======== Data provided ========
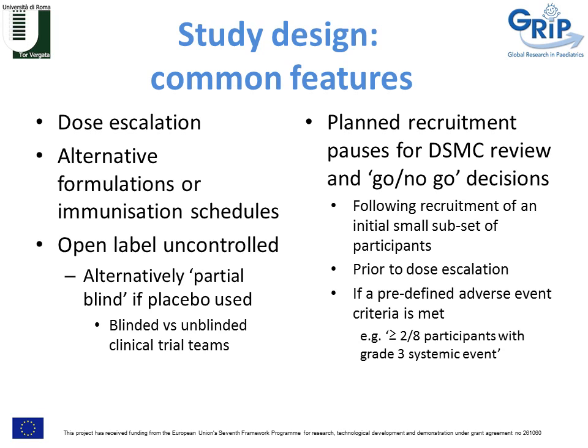An important feature of phase one studies is the role of the data safety monitoring committee. There will be planned pauses in recruitment for data safety monitoring reviews to decide whether studies should proceed. These pauses may follow recruitment of a small initial subset of participants, occur prior to a dose escalation, or be triggered by predefined adverse event criteria — for example, if more than two out of eight participants experience a grade three systemic event, that will trigger a data safety monitoring review.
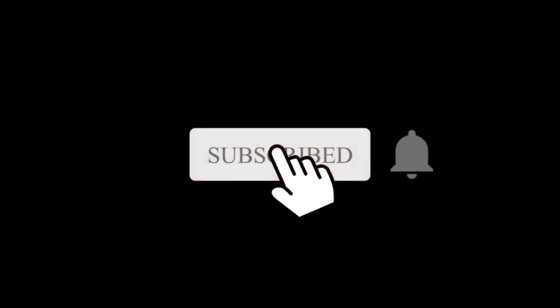Are you excited for this phone? Let me know in the comment section. Subscribe if you like, and I will see you in the next one.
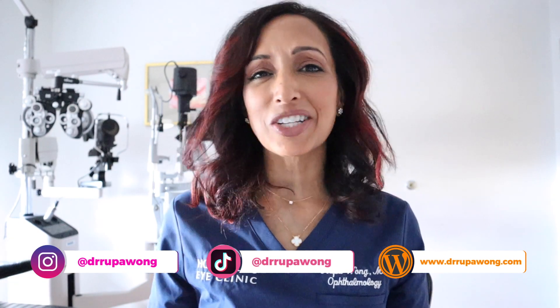Aloha everyone, I am Dr. Rupo Wong, ophthalmologist. On this channel we talk a little bit about eye surgery, eye health, pediatric ophthalmology — that's my special area of expertise along with misaligned eyes. But we also talk about my first love, eye beauty.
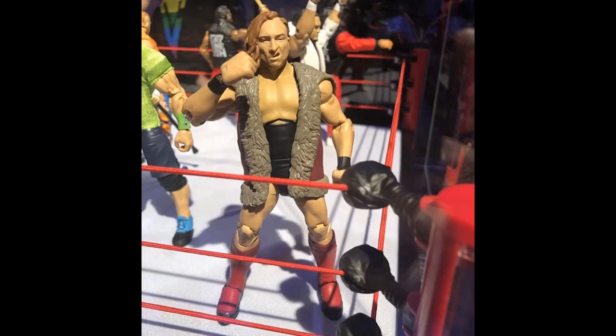Moving forward, we have the Elite 64 Target Exclusive Pete Dunne figure, and this looks like an early contender for figure of the year. I mean, look at this thing — it's absolutely perfect. The only thing they could have done is give us a legit fur vest, but that's asking too much. Beautiful head scan, you can see the smug look on Pete Dunne's face. The mouth guard in the mouth looks amazing, the tattoos are perfect. I literally think this is a perfect figure from head to toe. I can't wait to grab this when Elite 64 hits retail.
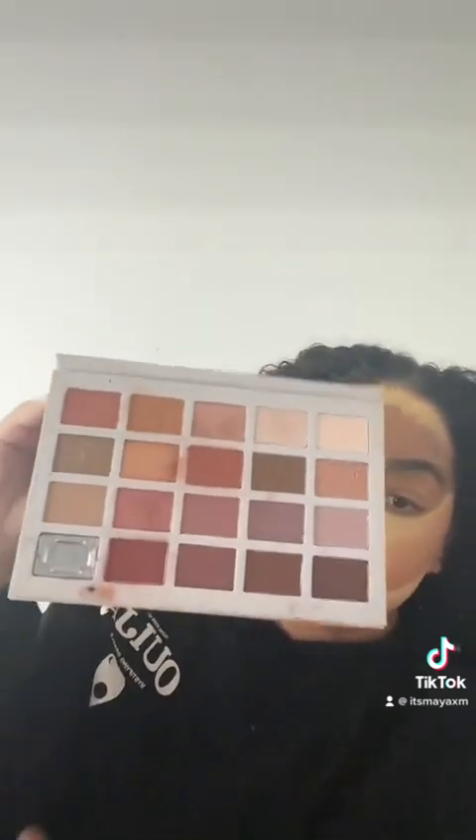Now we're going to bronze and bake once again, going in with the Madison Beer X-Marc palette while I bake. Just doing the same look. Cut that down. Now it's time for eyeliner and mascara.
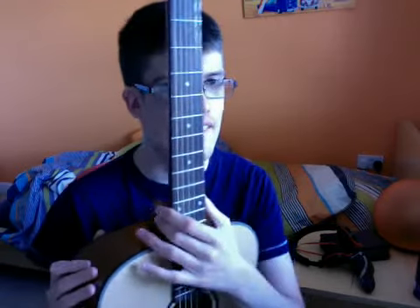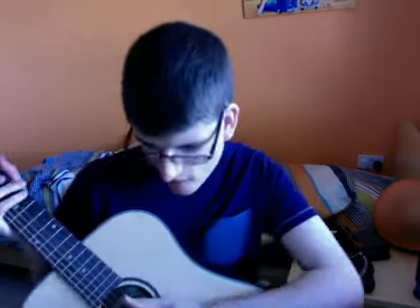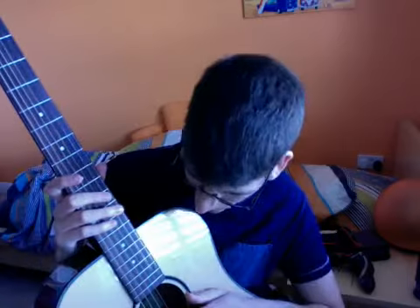This guitar has 20 frets. It's got 4 metal bronze strings and they're squeaky. And these two are plain steel.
========
## Aim of the exercise
Copy the listing above exactly, minus the pictures.

## Written answer
An important feature of phase one studies is the role of the data safety monitoring committee. There will be planned pauses in recruitment for data safety monitoring reviews to decide whether studies should proceed. These pauses may follow recruitment of a small initial subset of participants, occur prior to a dose escalation, or be triggered by predefined adverse event criteria — for example, if more than two out of eight participants experience a grade three systemic event, that will trigger a data safety monitoring review.
Are you excited for this phone? Let me know in the comment section. Subscribe if you like, and I will see you in the next one.
Aloha everyone, I am Dr. Rupo Wong, ophthalmologist. On this channel we talk a little bit about eye surgery, eye health, pediatric ophthalmology — that's my special area of expertise along with misaligned eyes. But we also talk about my first love, eye beauty.
Moving forward, we have the Elite 64 Target Exclusive Pete Dunne figure, and this looks like an early contender for figure of the year. I mean, look at this thing — it's absolutely perfect. The only thing they could have done is give us a legit fur vest, but that's asking too much. Beautiful head scan, you can see the smug look on Pete Dunne's face. The mouth guard in the mouth looks amazing, the tattoos are perfect. I literally think this is a perfect figure from head to toe. I can't wait to grab this when Elite 64 hits retail.
Now we're going to bronze and bake once again, going in with the Madison Beer X-Marc palette while I bake. Just doing the same look. Cut that down. Now it's time for eyeliner and mascara.
This guitar has 20 frets. It's got 4 metal bronze strings and they're squeaky. And these two are plain steel.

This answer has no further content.